# [Data below]
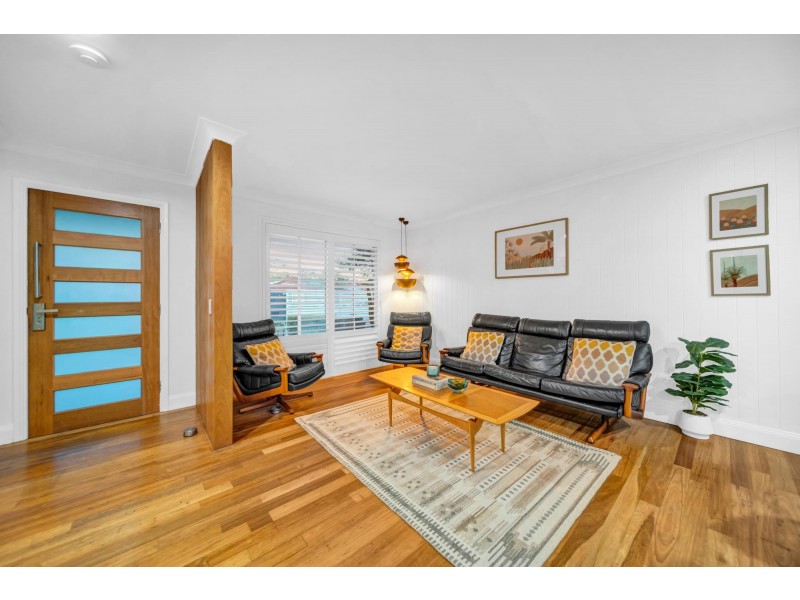 1 The Cross Road, Currumbin Waters QLD 4223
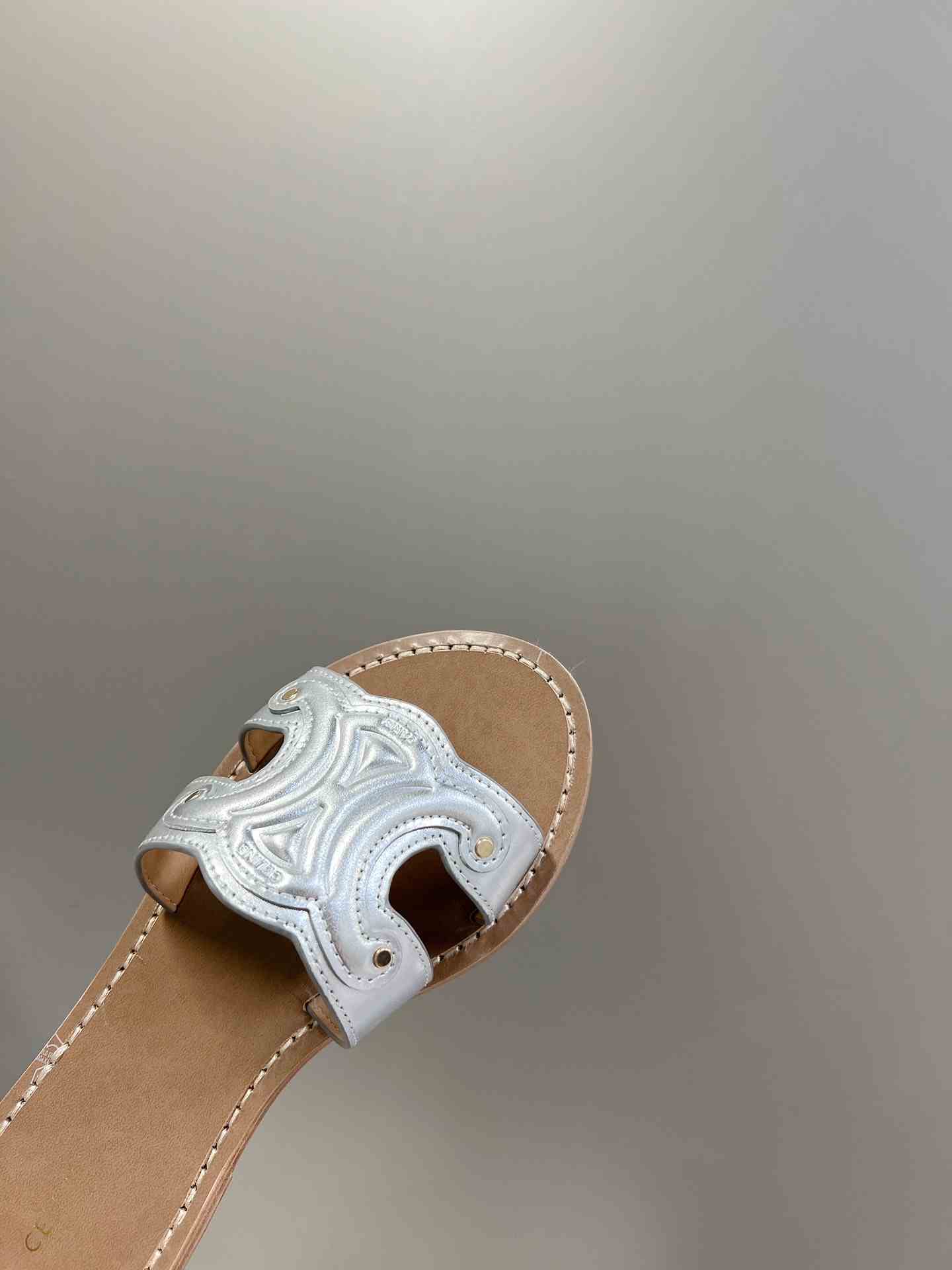 Ce1i*e Triomphe Mule In Metalized Sliver Tone For Women 352413093C.36PN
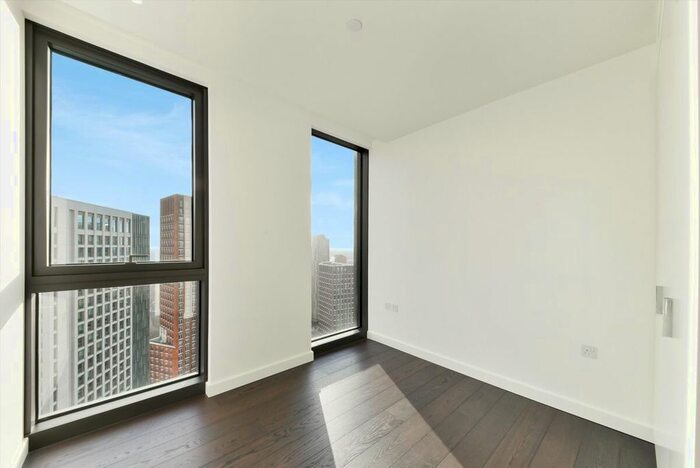 2 Bedroom Flat To Rent In Bondway, London, SW8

# [Aim of the task]
Could you output the listing word for word, omitting every picture?

# [Exercise result]
 1 The Cross Road, Currumbin Waters QLD 4223
 Ce1i*e Triomphe Mule In Metalized Sliver Tone For Women 352413093C.36PN
 2 Bedroom Flat To Rent In Bondway, London, SW8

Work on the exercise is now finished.